En la adolescencia, Alba comenzó a padecer alucinaciones. Fue tras el brote de su hermana que Julia por primera vez escuchó a su madre hablar de la pérdida de Alberto. Pensó en ese homenaje que su madre le había hecho a su hermanito fallecido (sin darse cuenta, según dijo) al nombrar a dos de sus hijos: Alba y Albano. En una ocasión durante un delirio, Alba comenzó a repetir con mucha desesperación una frase: “el muerto al pozo y el vivo al gozo”. Fue hasta ese momento que Julia, hija de Berenice y nieta de Andrea (madre del niño muerto) se dio cuenta que no sólo nadie (sus abuelos ya habían muerto) sabía de qué enfermedad murió el niño, sino que tampoco nadie sabía en dónde estaba enterrado.

¿Por qué la muerte de Alberto se convirtió en un secreto familiar? ¿por qué se convirtió en un duelo que no pudo vivirse? Ese innombrable que sólo surgió ante la enfermedad emocional de la nieta guardadora de un secreto con el que ya no pudo más, y que ella ni siquiera sabía que sabía. “Lo que es realmente traumático no es lo que sucede en la realidad (los sufrimientos reales), sino la manera en la que lo vivimos, la manera en la que lo elaboramos y en la que el otro nos lo regresa… en particular la manera en la que podemos contárnoslo a nosotros mismos y a otro que sea capaz de escuchar y de ayudarnos a nombrarlo…” Anne Ancelin.

¿Por qué fue en las emociones y en la piel de Alba que estalló el secreto? ¿quién, sin saberlo, la eligió? Se ha dicho que Alberto murió de tifoidea, o de neumonía, o de una enfermedad misteriosa que no se conocía en la época. Alba, en muchas ocasiones ha caído en crisis de pánico con esa repetición de: “el muerto y el pozo”. Julia tiene horror de los pozos, las alturas, las alcantarillas en las banquetas. Quizá nunca sabremos. “Pozo” puede ser una metáfora de contenidos diversos y que no necesariamente se refieren a el objeto de la realidad. Las herencias conscientes e inconscientes.
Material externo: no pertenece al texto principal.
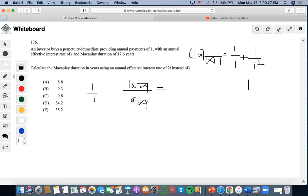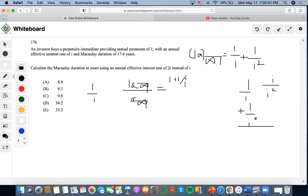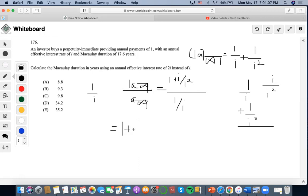Now we can combine these terms. We find that the numerator equals (1+i)/i². The denominator in the Macaulay duration equation is just the original present value without any modifications, which is simply 1/i. Putting these together, we get that the Macaulay duration equals (1+i)/i.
Según Anne Ancelin: “Quisiera recordarles las importantes investigaciones acerca de los secretos de familia realizadas por Nicolás Abraham, Marie Torok y sus alumnos, quienes mostraron, en el caso de ‘la vergüenza social’, que la primera generación se calla; esta generación se preocupa sobre todo de ‘protege’ a la familia y a los niños demasiado pequeños para enfrentar ‘la vergüenza’. En lo que concierne a la segunda generación lo no dicho se convierte en una tumba, una cripta en el corazón, un ‘fantasma’ que se manifiesta en distintos males y enfermedades”.

Provocó una ruptura (el comienzo de evitarse entre familiares, sin hablarlo, claro, hay familias en donde casi nada es “decible”) la pregunta: “Pero, ¿dónde está enterrado el niñito Alberto muerto en los años 30?” Julia deseó llevarle unas flores a ese hermanito muerto de la madre. Llevarle unas flores a esa infancia de su madre en la que la desgracia los devoró, sin que nadie llegara –con sus palabras, con su ternura- a defenderlos a ellos, los niños. A apoyarlos con su dolor, a explicarles que era legítimo sentir ese dolor. Y Andrea vivió y murió sin jamás, al parecer, volver a mencionar el nombre de su hijo.

Alba con frecuencia habla con personas que no existen. A veces son bondadosas y a veces aterradoras, esas personas que imagina. ¿Alberto se cayó en un pozo? ¿se ahogó en el mar y no regresó nunca su cuerpo? ¿qué es lo que su muerte tuvo de tan inaceptable, de tan indecible? Alba fue desde niña la tameme de dolores inimaginables de los otros. Ella, más que los demás. La mentira. El ocultamiento. Ese trauma familiar, colectivo… le hincó el diente. A ella, más que a los demás.